#### EXERCISE AIM
With pictures left out, write out exactly every line from the start of the data through the one that contains "Varanda coberta com".

#### GIVEN INFORMATION
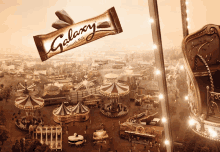 a galaxy chocolate bar is sitting on top of a carnival ride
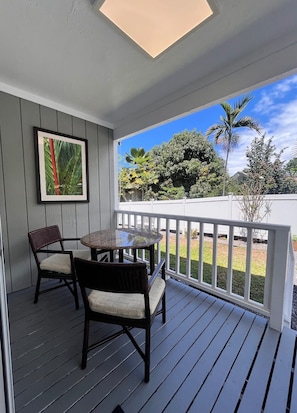 Varanda coberta com mesa e cadeiras, quadro na parede e vista para um jardim com árvores e palmeiras.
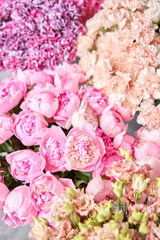 Fototapeta premium Floral carpet or Wallpaper. Background of mix of flowers. Beautiful flower for catalog or online store. Floral shop and delivery concept. Top view. Copy space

#### SOLUTION TO THIS TASK
 a galaxy chocolate bar is sitting on top of a carnival ride
 Varanda coberta com mesa e cadeiras, quadro na parede e vista para um jardim com árvores e palmeiras.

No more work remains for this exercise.